PARIS—The crime is nightmarish for its brutality and all the worse because it seems so random.
Four young American women, Boston College students, were sitting on a bench at Marseille's bustling Saint-Charles station Sunday morning waiting for their train to Paris when a stranger approached. Then, suddenly the assailant is alleged to have sprayed hydrochloric acid in the faces of the unsuspecting tourists.
Two of the women, both in their early 20s, suffered burns and were rushed to the hospital. One victim was released Sunday afternoon, but the other remains hospitalized. According to reports in the French press, the acid badly damaged her eyes, costing her 50 percent of her vision.
A statement issued by Boston College quoted its director of international programs, Nick Gozik: "It appears that the students are fine, considering the circumstances, though they may require additional treatment for burns. ... We have been in contact with the students and their parents and remain in touch with French officials and the U.S. embassy regarding the incident."
All four of the students were juniors, according to the statement. Three were enrolled in the Boston College Paris program, and one in the Copenhagen Business School in Denmark.
French police have ruled out terrorism, and here is where the horrifying story takes a turn for the truly bizarre. The 41-year-old alleged perpetrator is reported to be another woman. Described as "mentally unstable" by police sources, the suspect allegedly lingered at the scene, where she showed officers pictures of what she said were her own burn scars. She herself was a victim of an acid attack years ago, she claimed—as though her own victim status somehow excused her actions.
Acid attacks are rare in France, but they are not unheard of.

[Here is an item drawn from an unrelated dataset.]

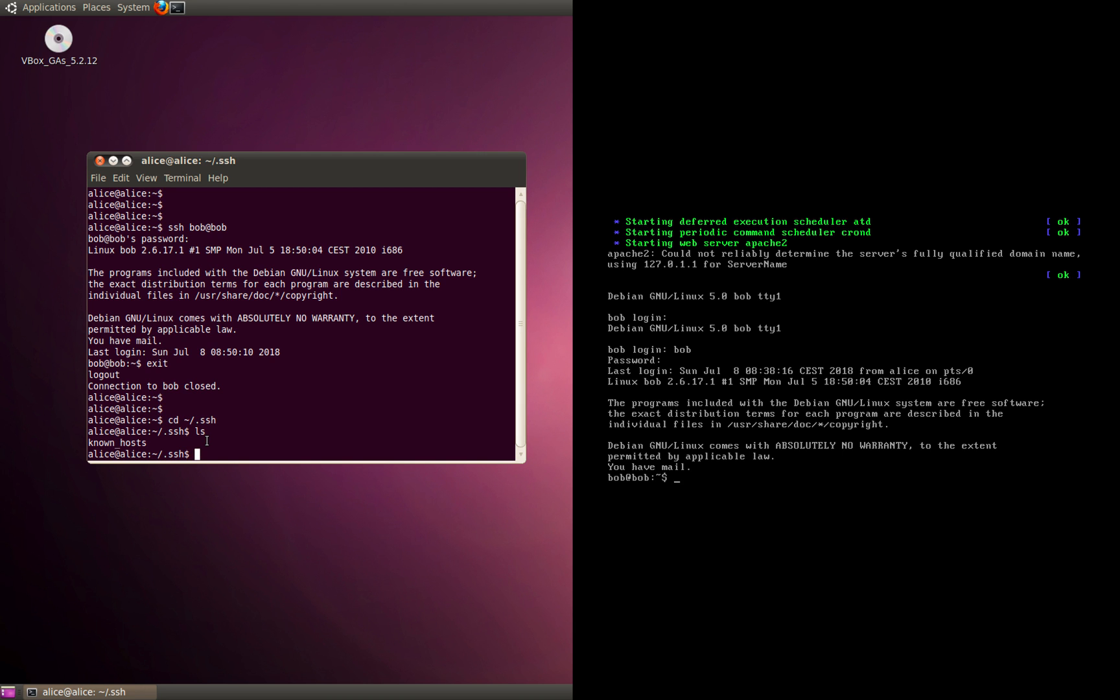Now in this folder we're going to create the keys. We're going to create a public key and a private key. This will be the command for doing that: ssh-keygen. Let me call the key Alice_key and let me use the RSA algorithm.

Last month, a 14-year-old boy was arrested for hurling three bottles of acid at a café terrace in the chic 16th arrondissement of Paris, just steps away from the storied Arc de Triomphe. Fortunately, no one was hurt.
Meanwhile, attacks have been rising in several other European countries.
As The Daily Beast reported in August, acid attacks in London doubled in 2016 to 431, and over 500 attacks have been reported this year alone. In July, for instance, two teens embarked on an acid-spraying spree, perpetrating five attacks in a single night.
Attacks are also increasing in Italy, often by jilted former lovers leaving their ex-girlfriends physically disfigured and mentally scarred.
“They use acid because it takes just a tiny dose to corrode and ruin someone’s life,” Michele Marzano, a center-left politician told The Daily Beast in 2013. “The aggressor often chooses a woman’s face because it embodies her beauty and her identity. The acid removes the shape of her face. It is a way to cancel her out.”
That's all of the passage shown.